China's Australian Open finalist Li Na said Thursday she is confident she can use her hard-won experience to hold off the emerging generation of players as she chases more Grand Slam glory.
The former French Open champion came up short against world number one Victoria Azarenka in the final of the year's first major in Melbourne in January but predicts another two years at the top of the women's game.
Turning 31 in February, Li is roughly the same age as America's 15-time Grand Slam champion Serena Williams, which counts as old in a sport packed with aspiring youngsters.
"Right now I've been playing for many years so I've got some experience as well," said the world number five. "And also, never give up. This for me is more important and also why I can keep the level for a couple of years."
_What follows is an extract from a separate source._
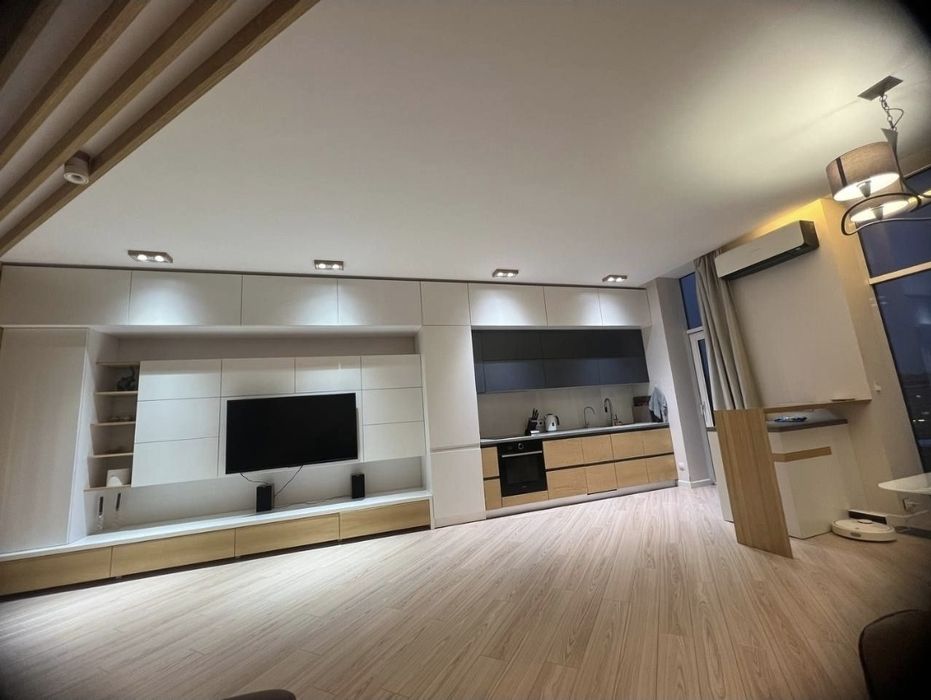 ЖК УЛЬТРА.Продам 3-х ком кв 121м2.+паркоместо.Ботанический Сад.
Li overcame Agnieszka Radwanska and Maria Sharapova on her impressive run to the final in Australia, where she twisted her ankle twice and briefly blacked out before losing to the Belarusian in three sets.
But as well as success for some of the established names, the tournament also saw the new generation make their mark as American Sloane Stephens, 19, knocked out her idol and tennis great Williams in the quarter-finals.
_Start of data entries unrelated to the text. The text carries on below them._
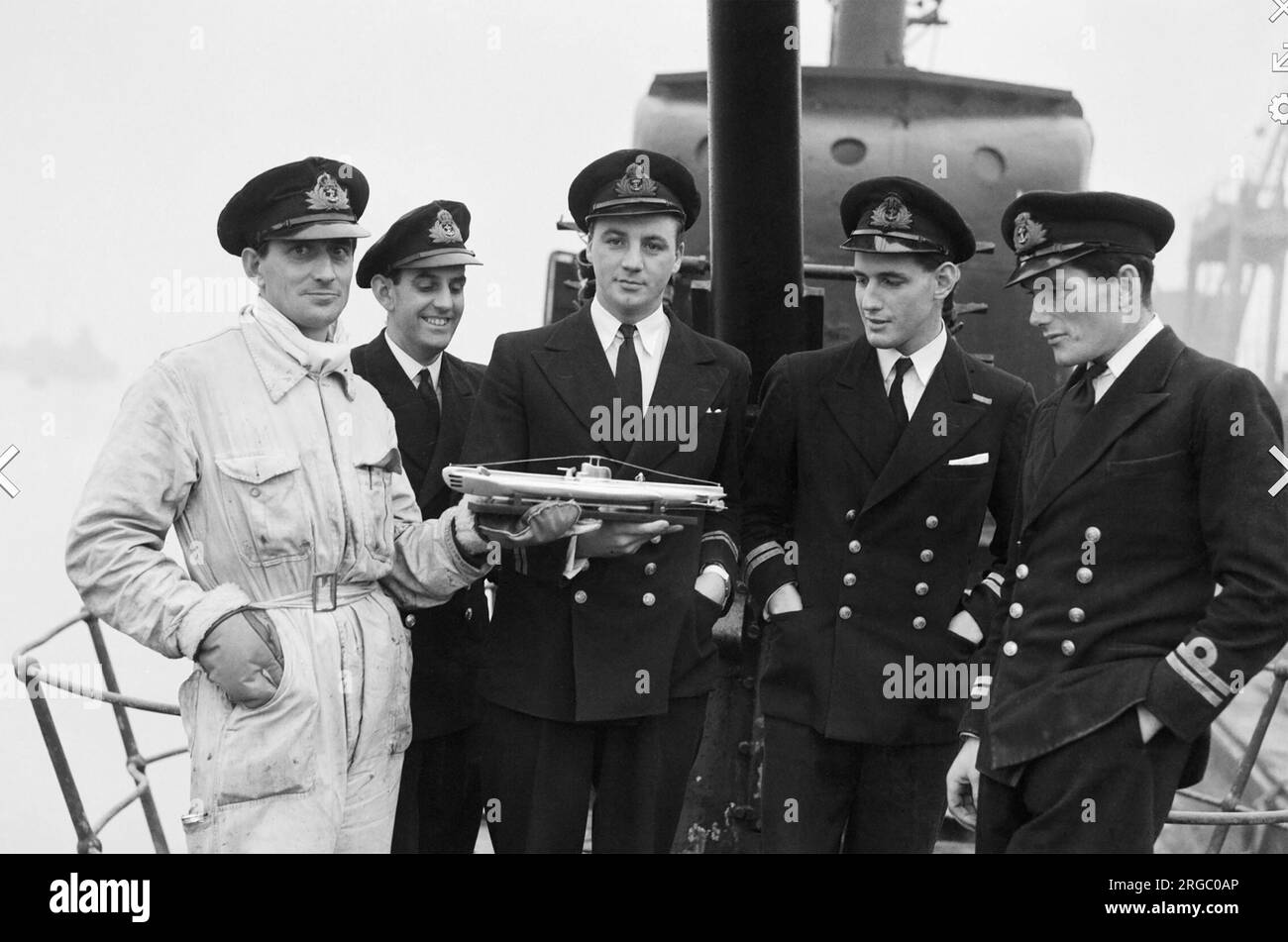 OPERATION N HACKFLEISCH 1943 die Offiziere von HMS Seraph, dem U-Boot, das Martins Leiche nach Spanien transportierte, fotografierten im Dezember 1943 mit dem befehlshabenden Offizier Leutnant N Jewell MBE Zweiter von rechts. Sie bewundern das Modell ihres U-Boots, hergestellt von Warrant Engineer M Stevenson DSC links Stockfoto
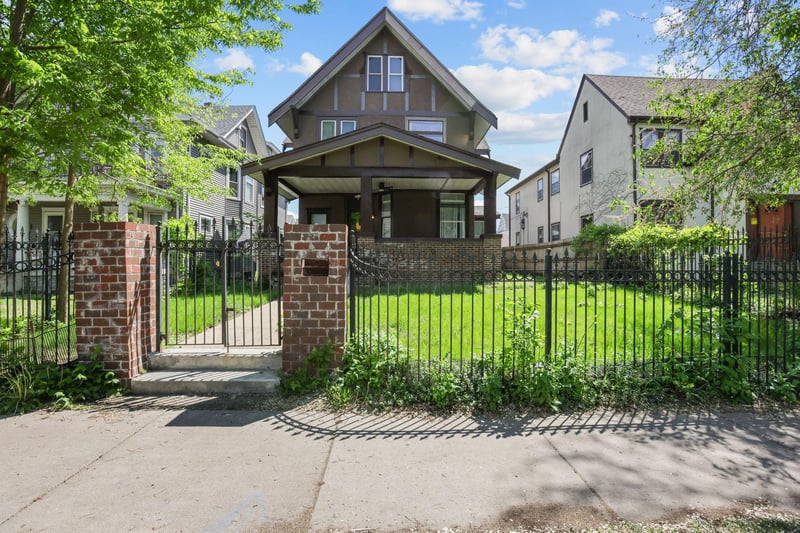 3021 Park Ave S, Minneapolis, MN 55407
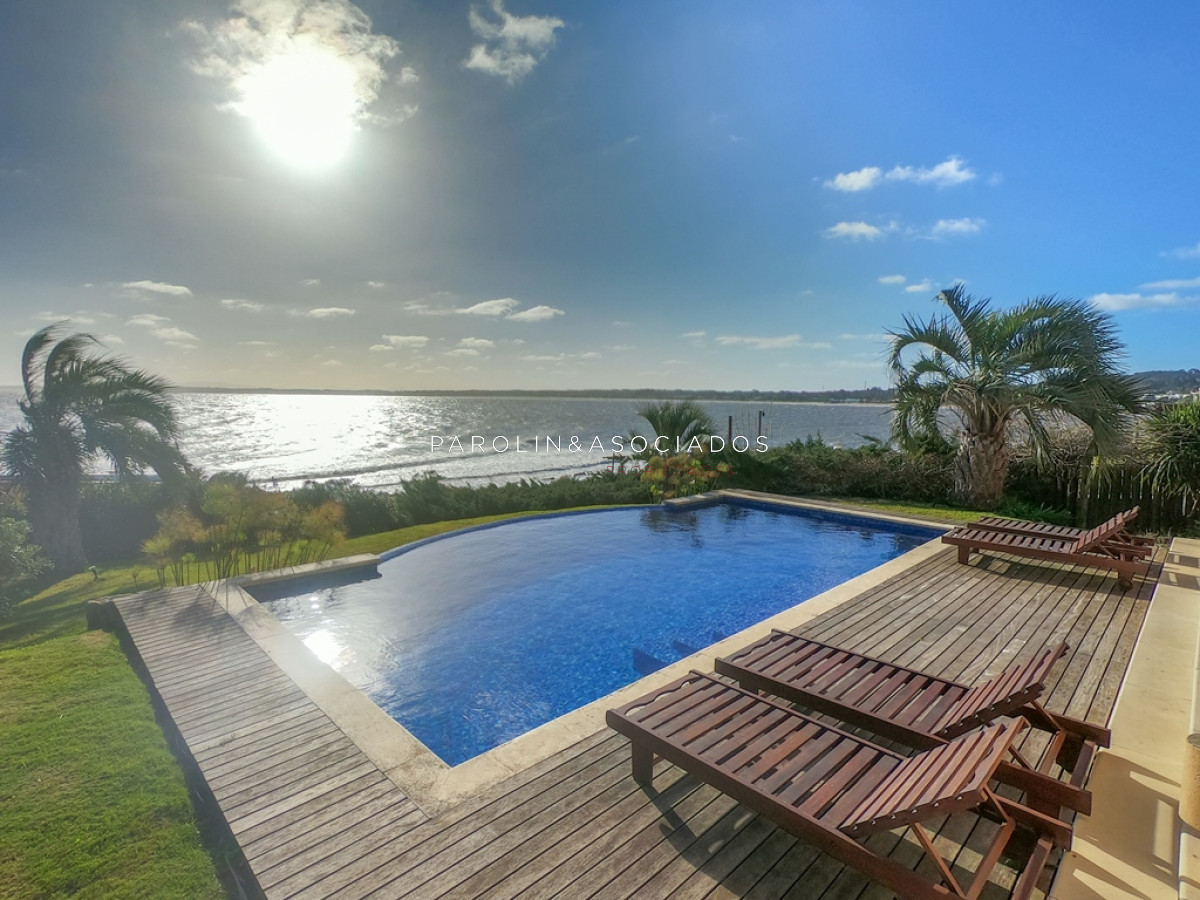 Casa en venta en Punta Ballena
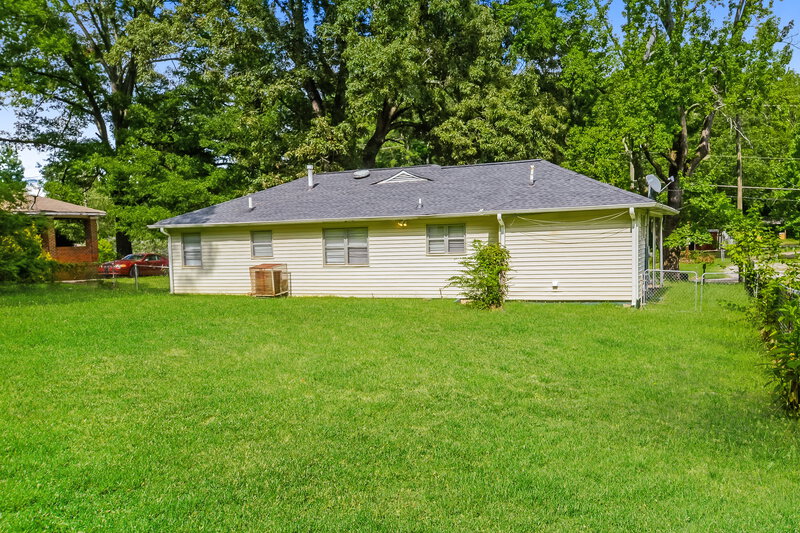 1,065/Mo, 828 Five Mile Road Birmingham, AL 35215 Rear View 3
Britain's Laura Robson, 19, continued her good progress by reaching the third round while the likes of Garbine Muguruza and Madison Keys have been tipped as stars of the future.
"Of course right now so many young players grow up. They play well as well. So you can still see everyone's working hard. 2013 should be another fantastic year for all of them," said Li, whose win at the 2011 French Open made her the first Asian player to win a Grand Slam singles title.
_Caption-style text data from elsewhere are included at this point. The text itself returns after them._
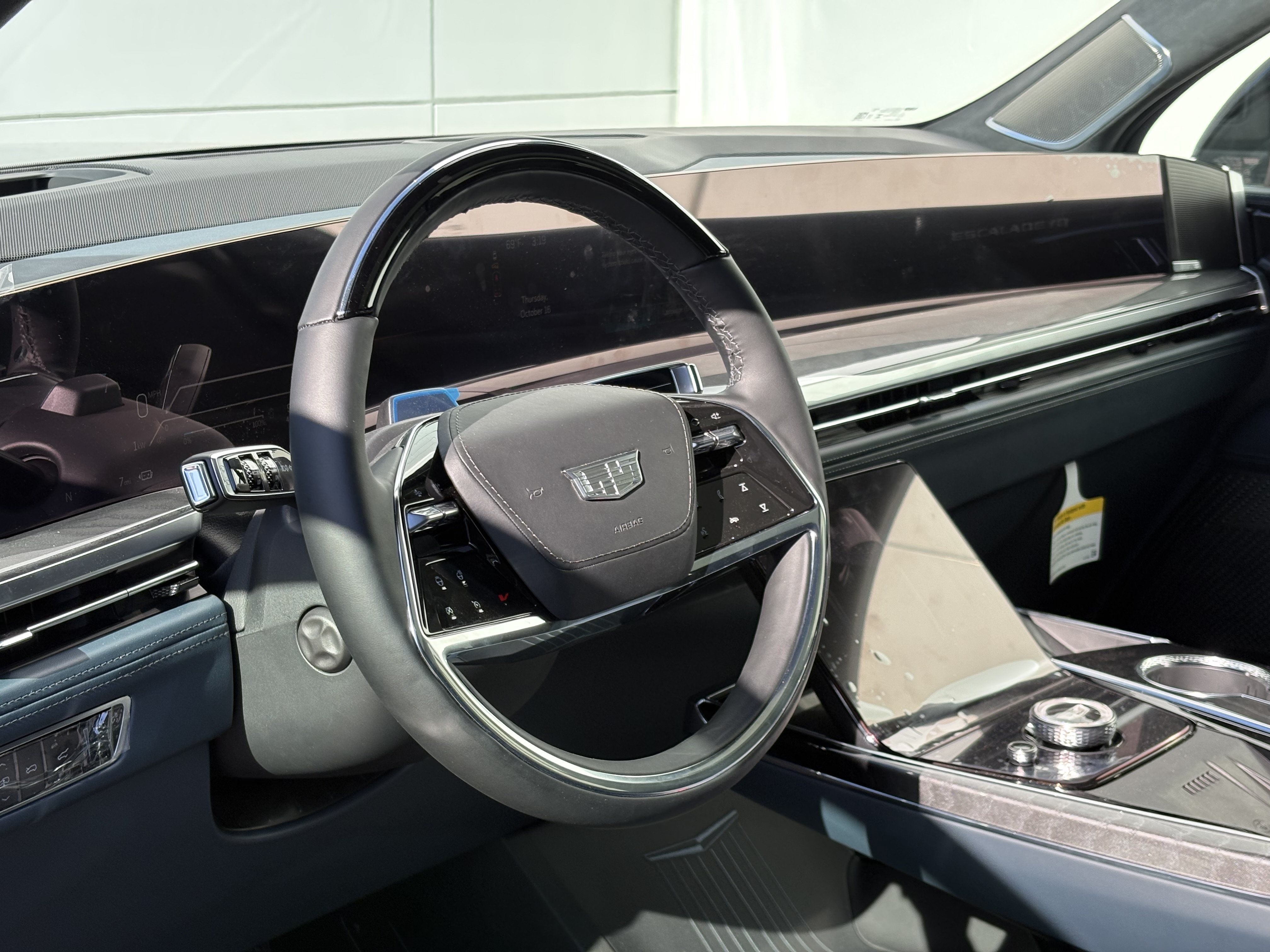 New 2026 Cadillac Escalade IQ Sport 2 w/ LPO, Premium Carpet Package AWD/4WD image 18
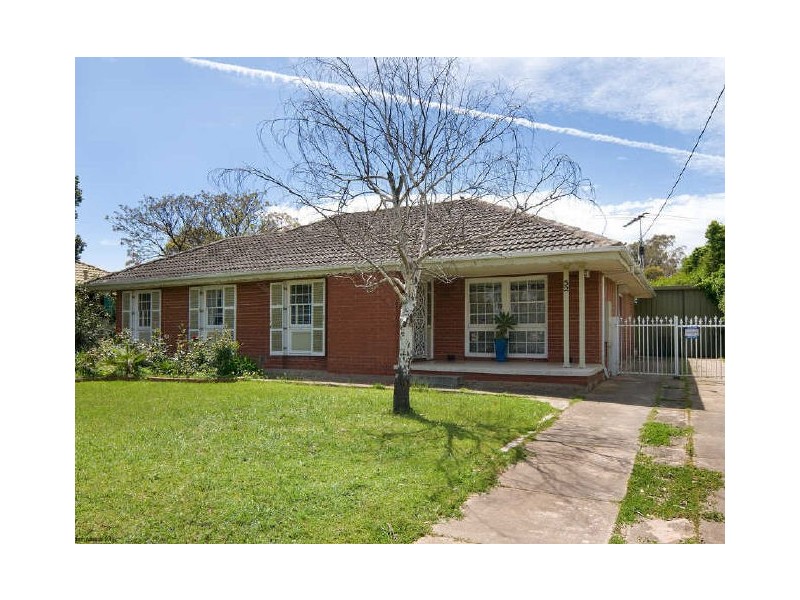 32 Christina Road, Christie Downs SA 5164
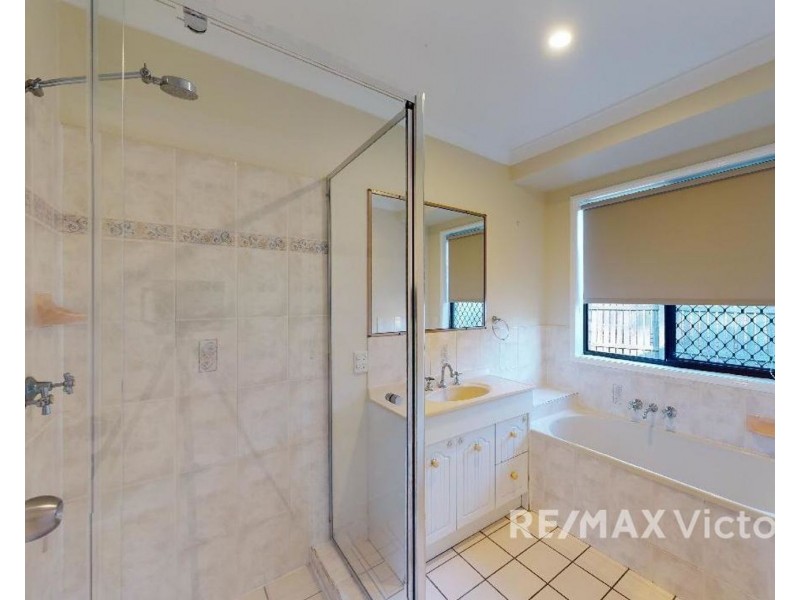 4 Fernlea Court, Caboolture QLD 4510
Unlike Williams, who has set her sights on defending her Olympic crown at the Rio Games in 2016, Li, speaking by teleconference from Wuhan in China, would not be drawn on how long she will continue.
"For me I didn't think too far. You never know how the body is feeling and everyone is different. Maybe one day after waking up I will feel my body can't handle it any more and I will retire."
But Li, who has won seven WTA titles, said she would like to secure another Grand Slam after success came relatively late in her career.
"I wish it.... I will try the maximum and have hard working the whole team. Really looking forward for this year."
With compatriots Zheng Jie and Peng Shuai also in the world's top 50, Li is confident that tennis in China has a strong future.
"I know right now so many children want to take up the tennis racquet. It's not only because of Li Na, it's because China tennis [is] growing up."
Li, due to play an exhibition match in Hong Kong on March 4 as part of the BNP Paribas Tennis Showdown against Caroline Wozniacki, said she would see a doctor on Monday about her ankle before resuming training.
Li Na, pictured during the women's singles final of the Australian Open in Melbourne, against Victoria Azarenka, on January 26, 2013. The former French Open champion came up short against world No. 1 Azarenka but predicts another two years at the top of the women's game.
Li Na, pictured with her coach Carlos Rodriguez, during a training session in Melbourne, on January 13, 2013. Australian Open finalist and former French Open champion Li said on Thursday she is confident she can use her hard-won experience to hold off the emerging generation of players as she chases more Grand Slam glory.